Товарные вагоны ходят в одну и в другую сторону — руда, уголь, кокс. Эти связи работают хорошо. Заходят составы на Авдеевский коксохим, выходят оттуда, а потом далеко не все идут в нашу сторону. До сих пор работает и Донецкий металлургический завод — пусть хоть и не во весь рост. Шахты тоже не стоят. Наши теплоэлектростанции, некогда переоборудованные с газа на уголь, тоже работают, и делают это на определенных марках угля. Этот уголь почти весь добывается на оккупированных территориях.
У нас есть экономические отношения с «ДНР», пусть мы их и не признаем. Но составы идут. Если мы перестанем покупать у них уголь, электричества не будет ни там, ни здесь. Та же Кураховская ТЭС — она снабжает электричеством и нашу сторону, и Донецк. И мне было бы интересно, кстати, как Донецк за это электричество рассчитывается. Платит ли он, чем, и кому.
Недавно Вернись живым заявили, что ищут кадры и нового руководителя. Значит ли это, что проект останется без Дейнеги?
Я никуда уходить не буду, но в ближайшие месяцы у меня могут появиться небольшие бизнес-проекты. Я хочу начать хоть немного зарабатывать, поскольку не вижу конца войне и учусь жить с ней «в долгую». Они будут отнимать несколько часов в неделю. «Вернись живым» же останется, даже когда война закончится.
Мне кажется, наша организация уже показала, что мы можем достаточно много. А если можем — это надо делать.
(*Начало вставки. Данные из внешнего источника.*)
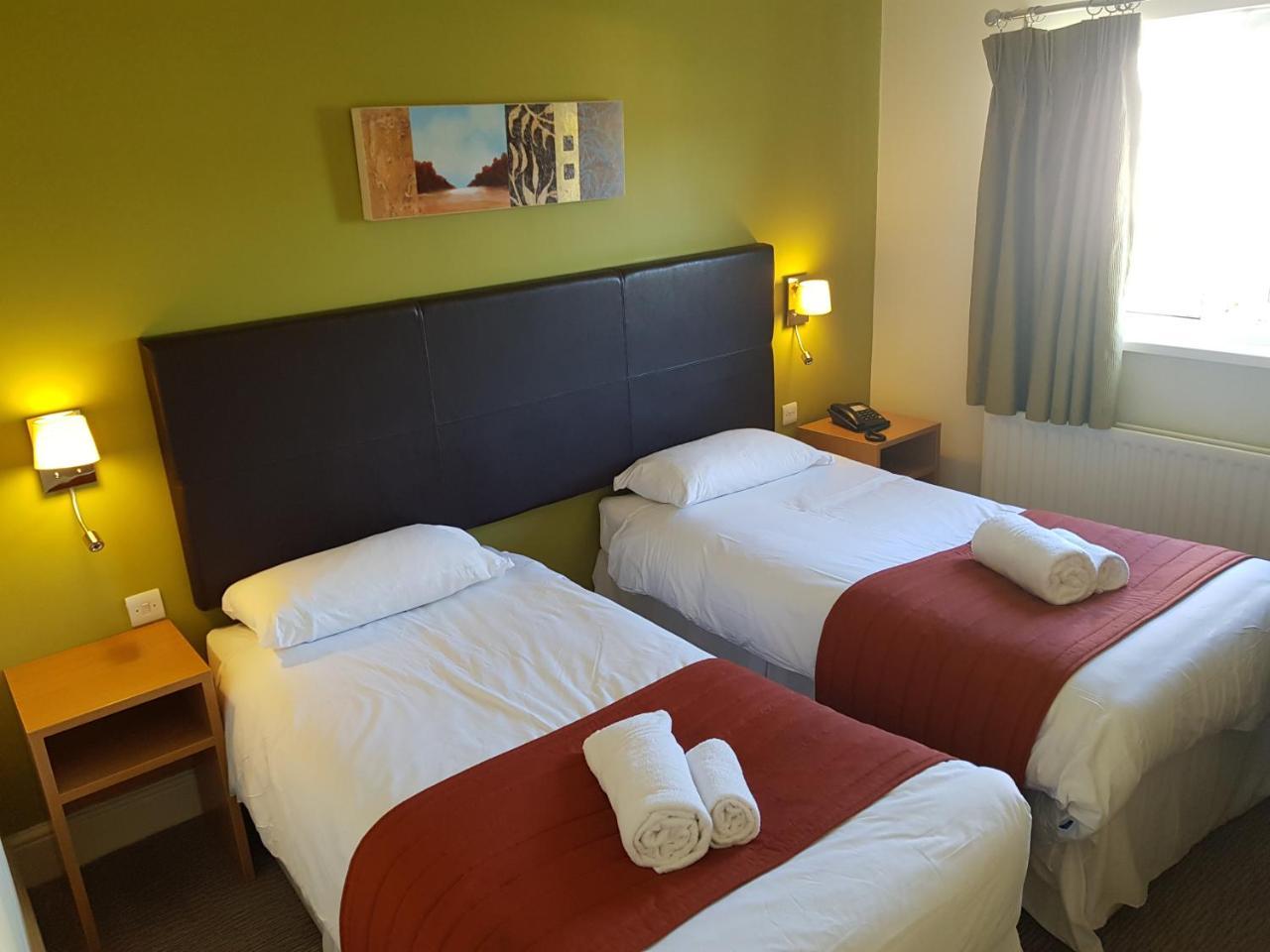 Hotel Rose And Crown à Porthcawl Extérieur photo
Если мы хотим продолжать делать вещи в таких же масштабах, нам нужны еще мозги. Я ищу нескольких человек. Это и позиции с рутинной работой, так и люди с мозгами, которые чего-то добились в жизни. Мы им найдем применение. Пришло больше 100 резюме: многие согласились работать у нас бесплатно или за минимальные деньги. Конечно, были смешные резюме. Например, прислал резюме человек, который раньше работал в киевском крематории — безусловно, лозунг «Вернись живым» там тоже актуален.
Фонд будет заниматься, в основном, тепловизорами, как и сейчас?
Нет. До конца этого года мы и Минобороны закупим достаточное количество тепловизоров и приборов ночного виденья, чтобы с нового года этот вопрос не был настолько актуален. Дальше я хотел бы переключиться на другое направление. Одно из самых необходимых — подготовка военных. У нас уже был курс по подготовке саперов, его прошли около двухсот человек. Она оказалась настолько сильной, что на ее основе сейчас готовят саперов ВДВ.
Таким же образом мы хотели бы реформировать подготовку большинства видов войск, а через какое-то время — и офицеров. Это долгоиграющая идея, и на ее реализацию нужно два руководителя. Один гражданский — он у нас есть, другой — воевавший военный, со званием не ниже майора, который служил на должности не ниже замначальника батальона или начальника штаба батальона. Задачей Вернись живым будет собрать деньги и дать ресурсы. Их задача будет все это использовать. Мы будем контролировать.
Второе направление — психологическое сопровождение бойцов. Мы хотим, чтобы психологи работали непосредственно на линии соприкосновения: боролись с той же проблемой алкоголизма на войне, с внутригрупповой агрессией и отказами от выполнения приказов, помогали решать психологические проблемы военных. Тут тоже нужен человек: гражданский, менеджер, с психологическим образованием. Таких людей очень не хватает, а если и есть, то не все согласны ехать на фронт даже за хорошую зарплату. По этому направлению тоже дыра, потому что требования высокие.
Какие именно виды войск в украинской армии нужно было бы реформировать в первую очередь?
Например, систему подготовки снайперов, саперов — в пехоте, а не только в ВДВ. А дальше — система подготовки разведгрупп, за ними — танкисты, артиллеристы, снайперы, офицеры. Сейчас это направление у нас тоже простаивает, потому что мы не можем найти на него руководителя.
Это поможет решить проблемы?
По моему убеждению, оно способно очень сильно поменять ход войны. Может быть, даже сильнее, чем тепловизоры.